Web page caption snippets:
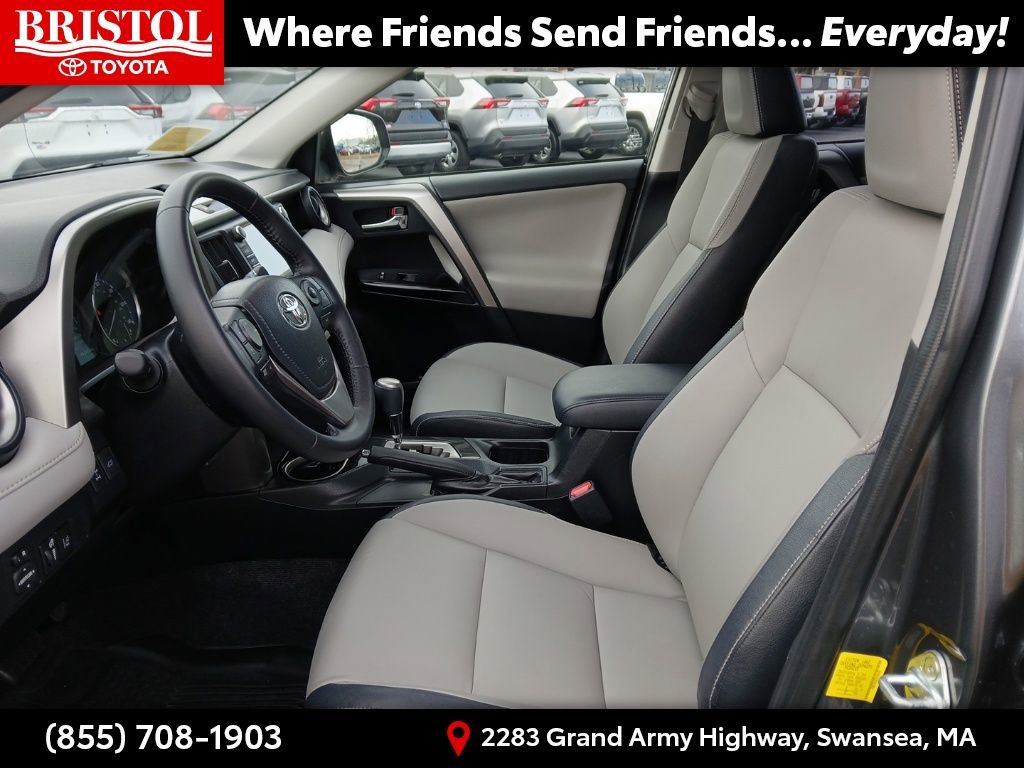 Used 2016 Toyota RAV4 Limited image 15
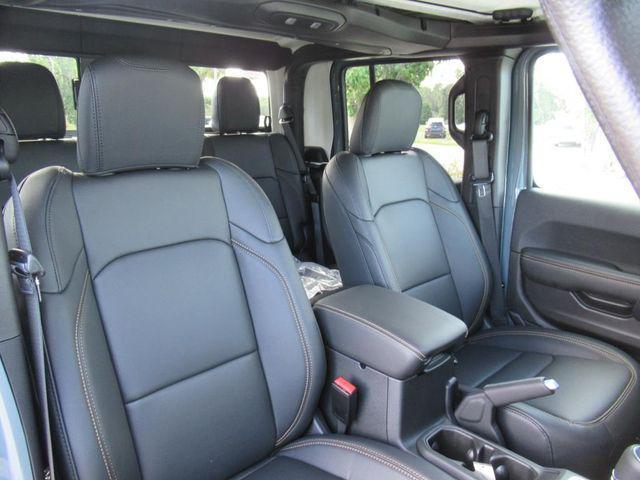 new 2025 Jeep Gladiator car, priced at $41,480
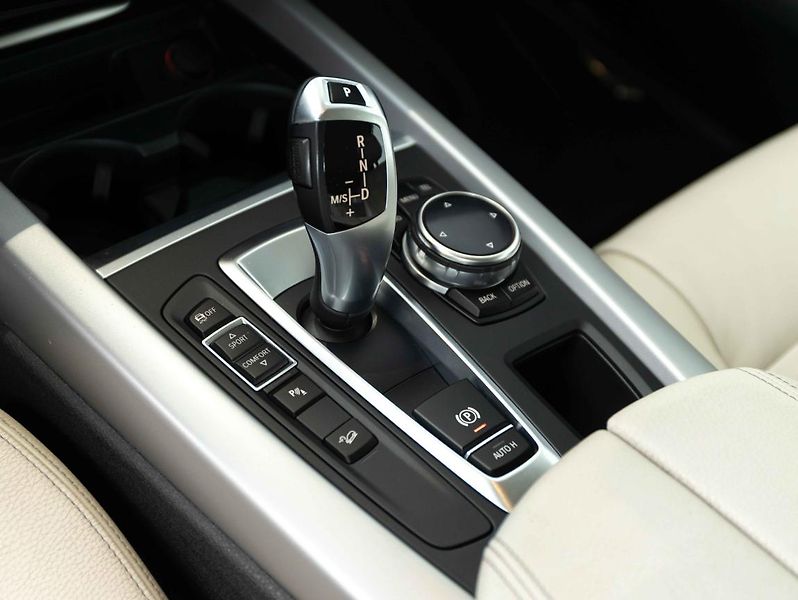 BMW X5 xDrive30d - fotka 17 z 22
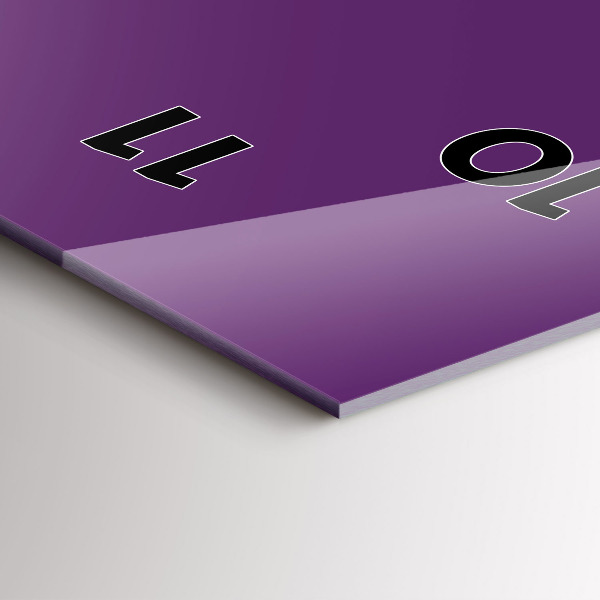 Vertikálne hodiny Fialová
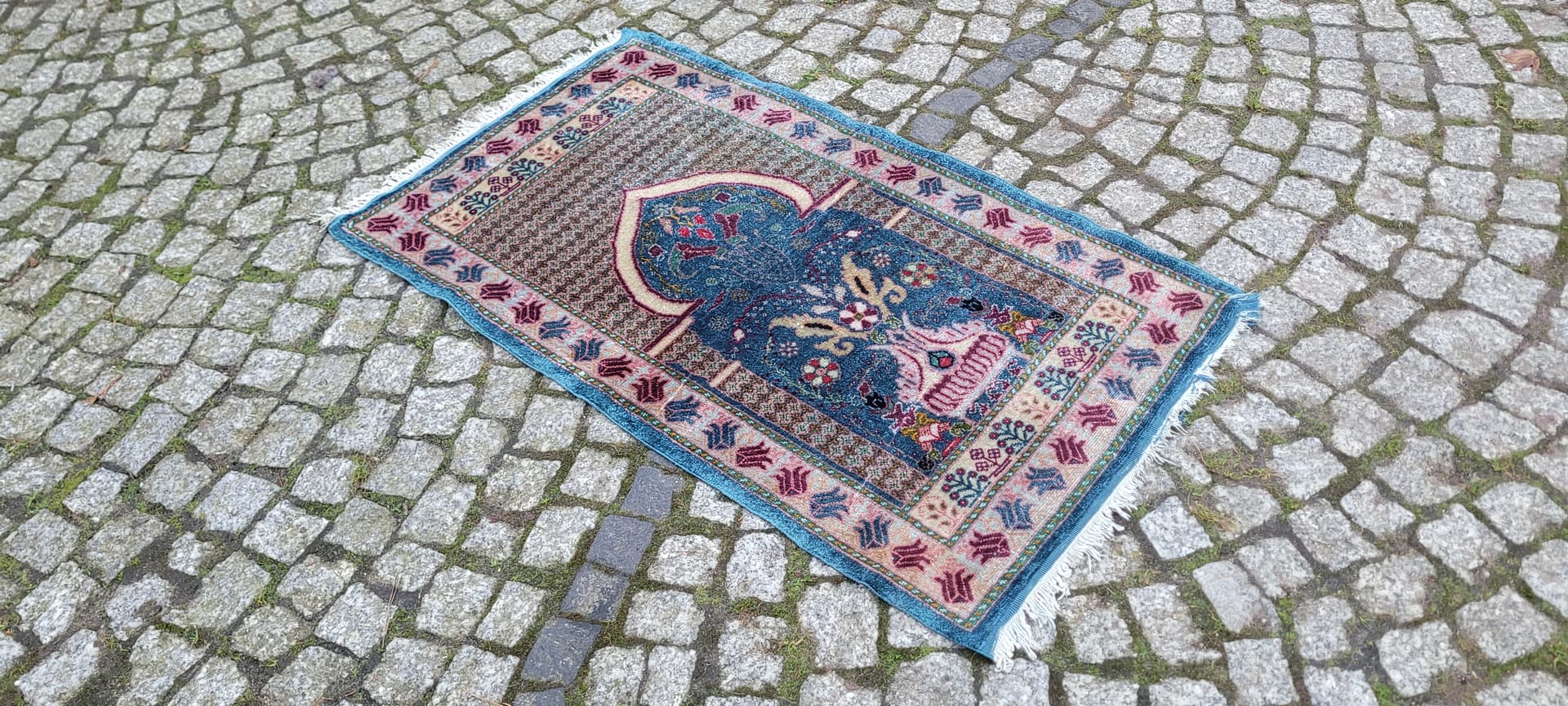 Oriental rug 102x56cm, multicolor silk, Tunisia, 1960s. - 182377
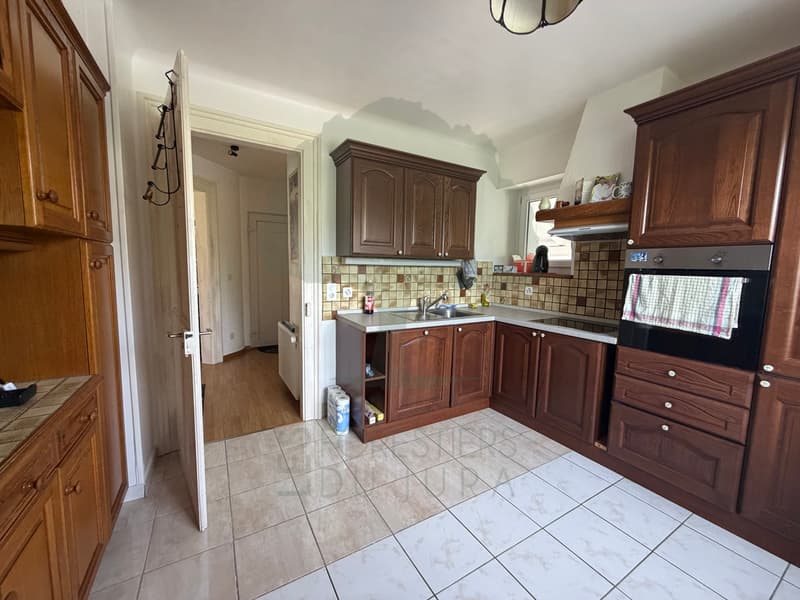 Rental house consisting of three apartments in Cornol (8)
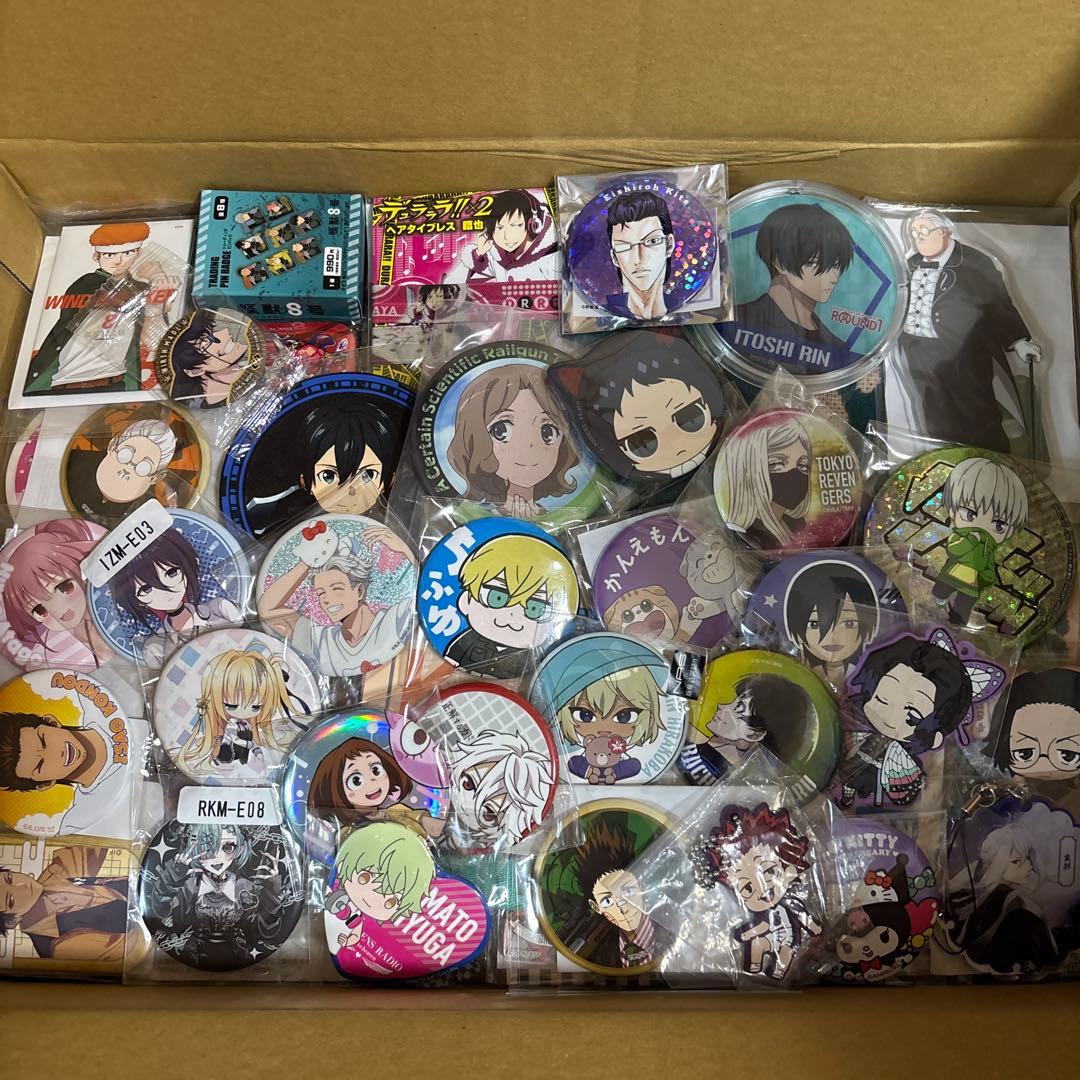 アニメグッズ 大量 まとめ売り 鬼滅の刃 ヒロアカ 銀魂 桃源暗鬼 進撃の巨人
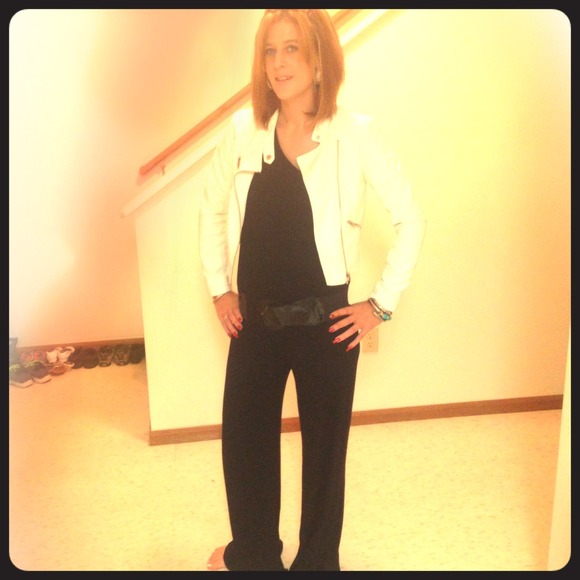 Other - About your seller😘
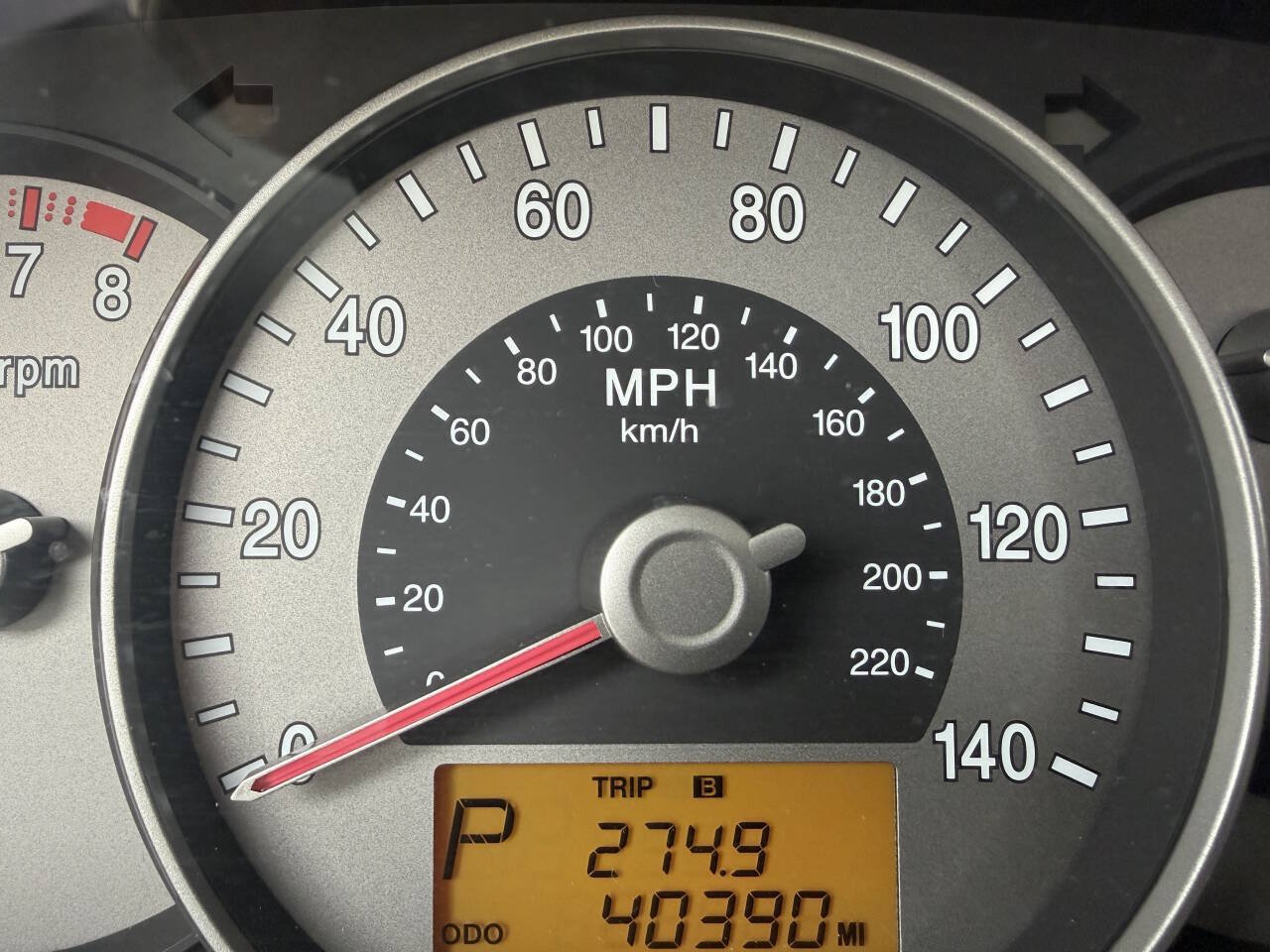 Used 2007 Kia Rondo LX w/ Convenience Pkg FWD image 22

Task statement
The records above, copied word for word without the pictures, are what should be output.

Exercise response
 Used 2016 Toyota RAV4 Limited image 15
 new 2025 Jeep Gladiator car, priced at $41,480
 BMW X5 xDrive30d - fotka 17 z 22
 Vertikálne hodiny Fialová
 Oriental rug 102x56cm, multicolor silk, Tunisia, 1960s. - 182377
 Rental house consisting of three apartments in Cornol (8)
 アニメグッズ 大量 まとめ売り 鬼滅の刃 ヒロアカ 銀魂 桃源暗鬼 進撃の巨人
 Other - About your seller😘
 Used 2007 Kia Rondo LX w/ Convenience Pkg FWD image 22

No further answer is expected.